The doctor took a rod like those used to clean gun barrels. On the end of the rod was a hole through which a small piece of gauze was threaded and dipped into a sterilizing solution. The doctor then took the rod and pushed it into my leg. When it came out on the other side, he changed the gauze, put fresh antiseptic on it, and pulled it back through the hole, pushing it back and forth three times. It hurt quite a bit, especially when he got near the bone. But my fatherheld my hand, and I gritted my teeth and shut my eyes and tried to hold still. Heavenly Father had heard my silent prayer, because it did not seem to hurt as much as I thought it would, and I didn’t cry. The wound healed quickly and completely. (James E Faust, Be not Afraid)
I know that my father has been a great guiding force in my life and has always been there for me. He has pushed me to do my best and he has provided for me. And I know that if I need someone to talk to, he is there for me. I’m nowhere near as emotional as my dad. He has what we call an “automatic spirit detector,” where the tears just flow when the spirit is present, as many of you know. Like President Faust in the story, I’m afraid to cry, and even though I don’t show it as much, I really do love him.
I think my parents might think that I’m afraid to bear my testimony, because the last couple of months they have come up here to the pulpit and born their testimonies about me, and I didn’t get up. The truth is I just wanted to save it all for now so I only had to cry once.
Truth of the Gospel, scriptures, Book of Mormon (Moroni’s challenge), going on a mission (had never prayed about it), the power of the atonement and repentance.

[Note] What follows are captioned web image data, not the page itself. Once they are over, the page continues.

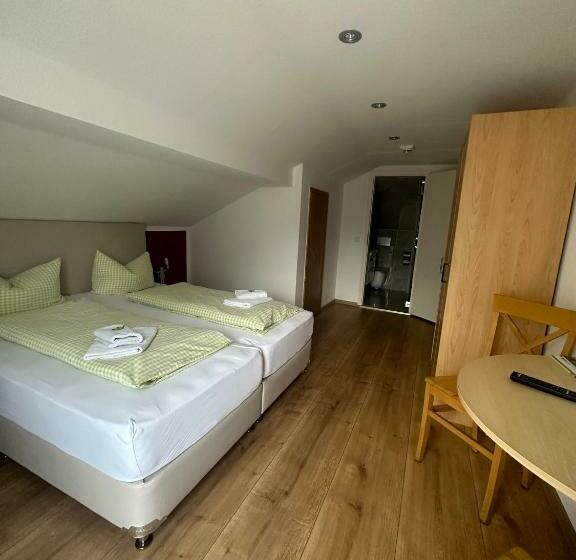 Номер Стандарт, Pension Schwansee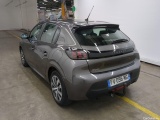  Peugeot  208  Active 1.5 HDi 100CV BVM6 E6d #4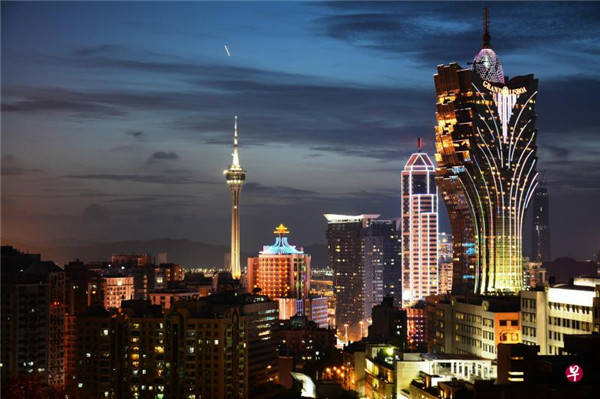 2004新澳門天天開好彩,探索新澳門，2004年的繁榮與天天開好彩的奇跡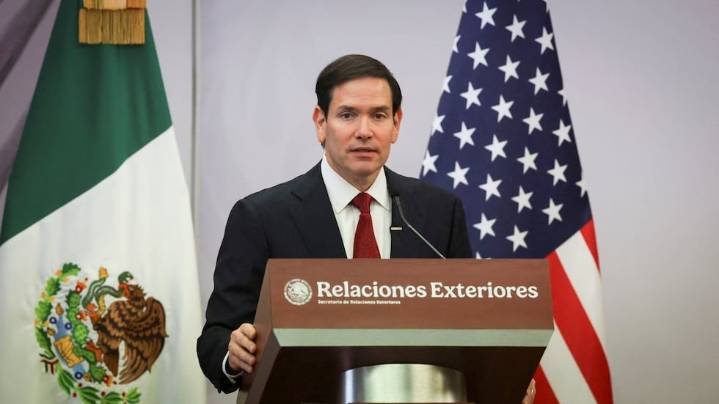 Marco Rubio confirmó que EEUU volverá a atacar embarcaciones en el Caribe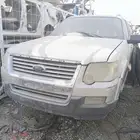 قطع غيار تشليح اكسبلورر من 2002 إلى 2010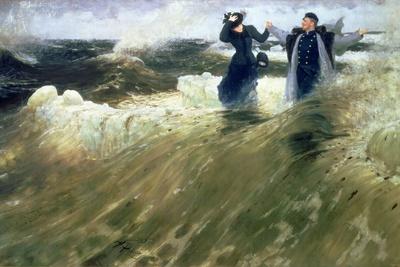 Giclee Print, , small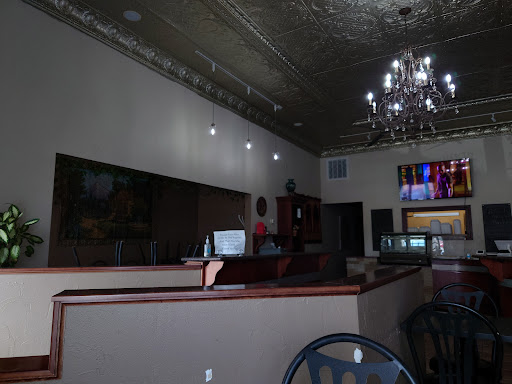 Photo of Damascus Mediterranean Cuisine - 4469 Hills and Dales Rd NW, Canton, OH 44708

I also have a testimony of the power of family. I have one of the greatest families there is. My littlest brother, Daxton, is the energy of the family. He can always put a smile on my face with his goofiness and his love. I know he will grow up to be a great young man. My sister Savannah is beautiful and virtuous. She has a beautiful voice, as you saw earlier in her musical number. I think she took all of the musical talent from me. I love to hear her sing, and I hope she can spread the joy the she brings to our family. My brother Connor is my best friend. I know I can always have a good time with him. And ladies, he is smart, handsome, and funny, so take note.

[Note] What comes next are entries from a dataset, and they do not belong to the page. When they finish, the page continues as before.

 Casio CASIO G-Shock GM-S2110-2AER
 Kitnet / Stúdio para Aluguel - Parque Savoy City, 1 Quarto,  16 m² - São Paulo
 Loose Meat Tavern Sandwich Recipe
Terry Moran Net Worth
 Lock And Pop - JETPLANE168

I have an angel of a mother. She has always loved me unconditionally and has led me through the challenges of my life. Without her, I would have probably started packing tomorrow and be hopelessly behind. Her spiritual strength guides our home, her amazing cooking feeds our home, and I love her dearly and will miss her greatly.
Dad, you got a whole story dedicated to you, but I’ll say it again. Thank you for always be there for me, for not only being a father but being my supporter and friend. You have always believed in me, and I recognize that. Thank you.
I would like to finish with one of my favorite scriptures. D&C 68:6 says, “Wherefore, be of good cheer, and do not fear, for I the Lord am with you, and will stand by you; and ye shall bear record of me, even Jesus Christ, that I am the Son of the living God, that I was, that I am, and that I am to come.” We don’t have to fear, brothers and sisters. We have an older brother who loves us and will always be there for us. I know I will need his help as I go to serve the people of Guatemala. I say these things in the name of Jesus Christ, amen.